The upper scope trace shows the current sense voltage. The voltage is zero while the FET is off and the free wheel diode is allowing the motor to coast. The ramp is the voltage due to the current going through the FET and allows the motor supply to drive the motor. When I put a load on the motor this ramp moves up according to V = I R or V / R = I = Vscope / .1 Ohm. I have an Ammeter on my motor supply, and had it up to 5 Amps, but this is average current, so the peak amperage would be much higher and depend on the PWM duty to some extent.
The lower trace is the gate voltage. This is at a PWM duty setting of 20%. You can see the trailing edge curves a bit. The FET heats up during the time between being on and off, so the sooner we can get the gate down to zero the better. Actually, now I seem to recall that the opto-isolator input has the same off curve, so it's the parallel port pin that is probably a bit slow.

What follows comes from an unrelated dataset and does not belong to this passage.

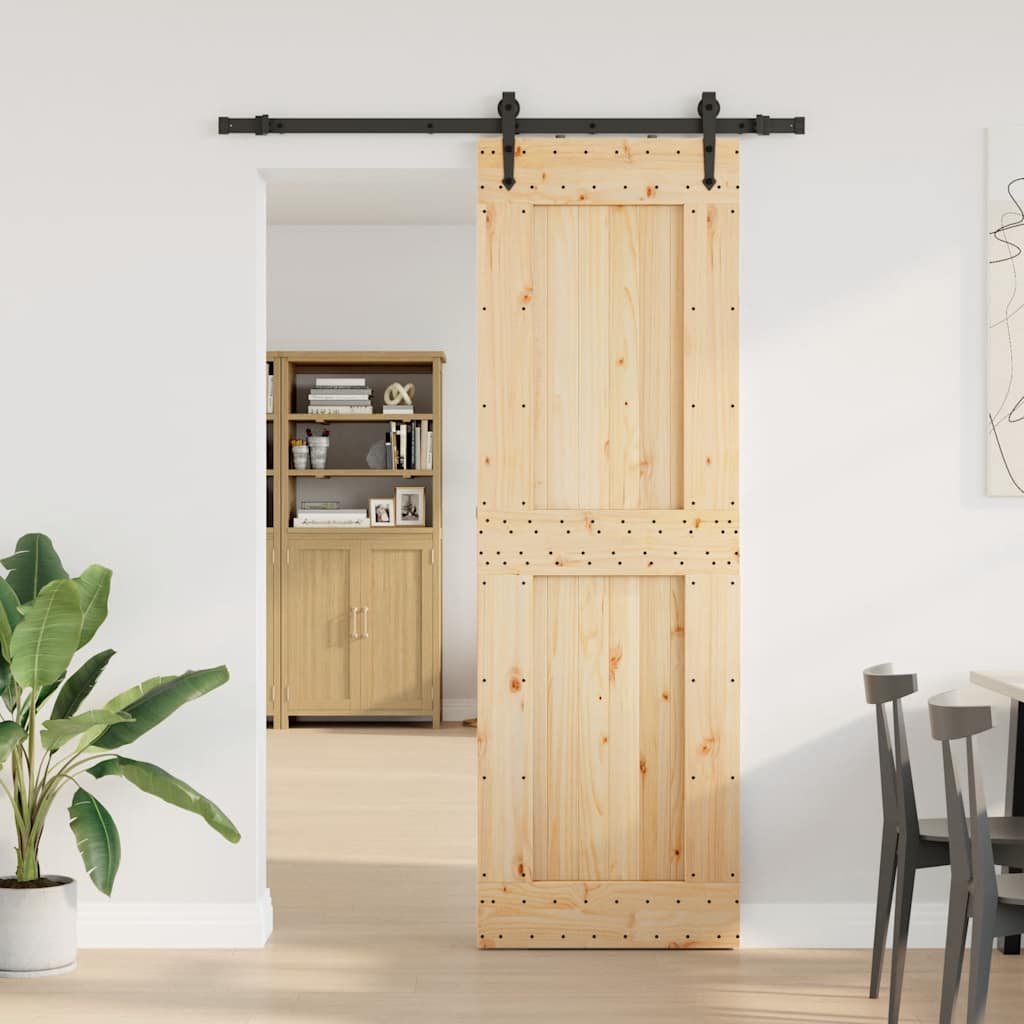 Sliding Door with Hardware Set 70x210 cm Solid Wood Pine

Anyway, we have a way to fix it.
Copy the .hal and .ui files to a directory, open a terminal and cd to the directory, invoke with "halrun -f pwmfet.hal"

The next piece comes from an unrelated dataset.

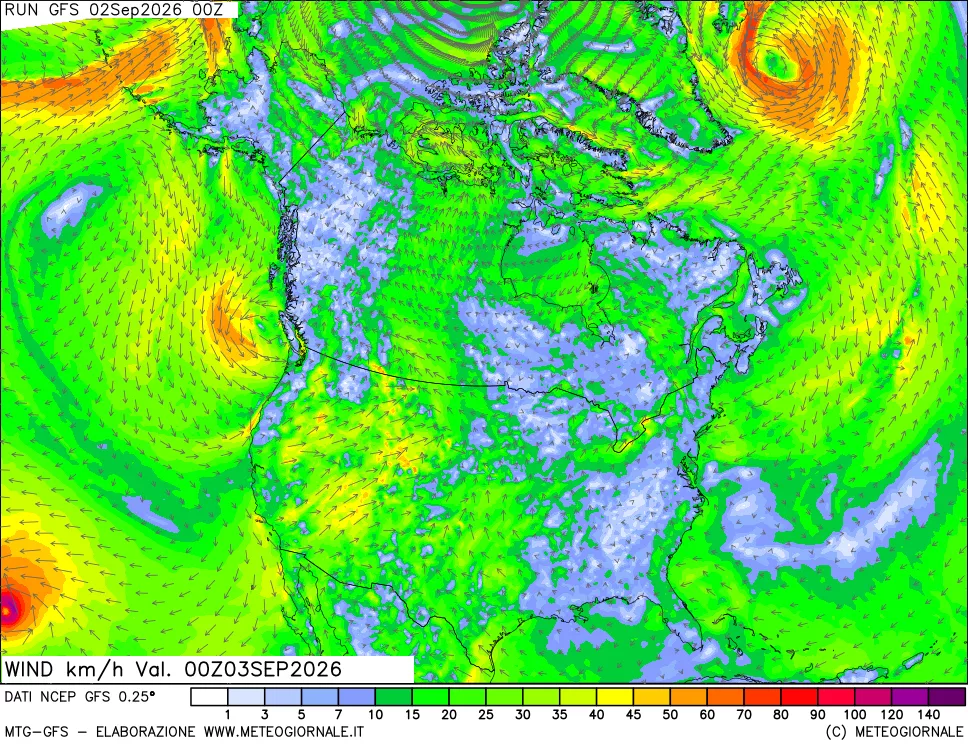 mappa 10 m Vento forza e direzione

pwmfet.hal (you may need to right click and use "Save Link As...")
# halrun -f pwmfet.hal
#loadrt threads name1=fast period1=50000 fp1=0 name2=slow period2=1000000
loadrt threads name1=fast period1=10000 fp1=0 name2=slow period2=1000000
loadrt hal_parport cfg="0x0378 out"
#loadrt hal_parport cfg="0xDCF8 out"
loadusr -Wn pwmfet gladevcp -c pwmfet pwmfet.ui
loadrt pwmgen output_type=0
loadrt conv_float_s32 count=1
addf parport.0.read fast
addf pwmgen.make-pulses fast
addf parport.0.write fast
addf pwmgen.update slow
addf conv-float-s32.0 slow
setp pwmgen.0.max-dc 1.0
setp pwmgen.0.min-dc 0.0
setp pwmgen.0.scale 100
setp pwmgen.0.offset 0.0
setp pwmgen.0.dither-pwm 0
net pwmen pwmfet.hal_togglebutton1 pwmgen.0.enable pwmfet.hal_led1
net pwmval1a pwmfet.hal_hscale1 pwmgen.0.value
net pwmout pwmgen.0.pwm parport.0.pin-02-out
net pwmfreq1 pwmgen.0.pwm-freq conv-float-s32.0.in
net pwmfreq2 conv-float-s32.0.out pwmfet.hal_label1
sets pwmfreq1 4000
setp pwmfet.hal_table1 1
setp pwmfet.hal_table2 1
start
waitusr pwmfet
stop
unload all